## Prompt
With pictures excluded, copy word for word the lines in the data below from the line containing "листопада 2025 Працівники" through the line containing "dauntless-andrea-cardona-pulsera-plata-bicicleta-bici".

## Information provided
========
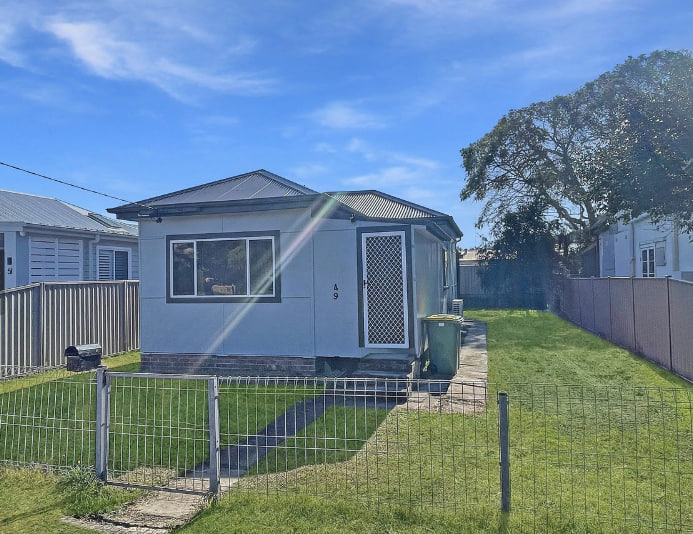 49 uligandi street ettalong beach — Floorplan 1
========
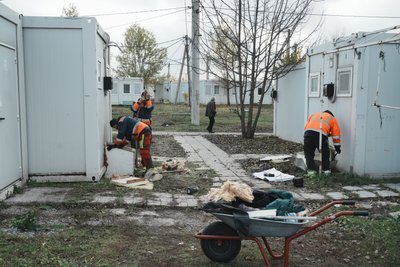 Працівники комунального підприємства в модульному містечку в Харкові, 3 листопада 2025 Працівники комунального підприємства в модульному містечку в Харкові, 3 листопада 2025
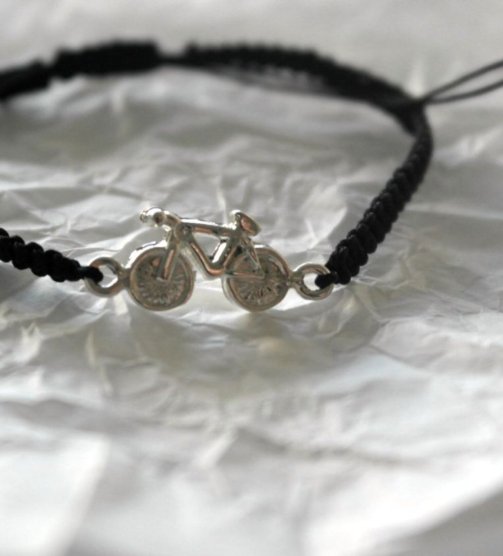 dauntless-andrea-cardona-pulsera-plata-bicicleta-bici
========
## Exercise result
 Працівники комунального підприємства в модульному містечку в Харкові, 3 листопада 2025 Працівники комунального підприємства в модульному містечку в Харкові, 3 листопада 2025
 dauntless-andrea-cardona-pulsera-plata-bicicleta-bici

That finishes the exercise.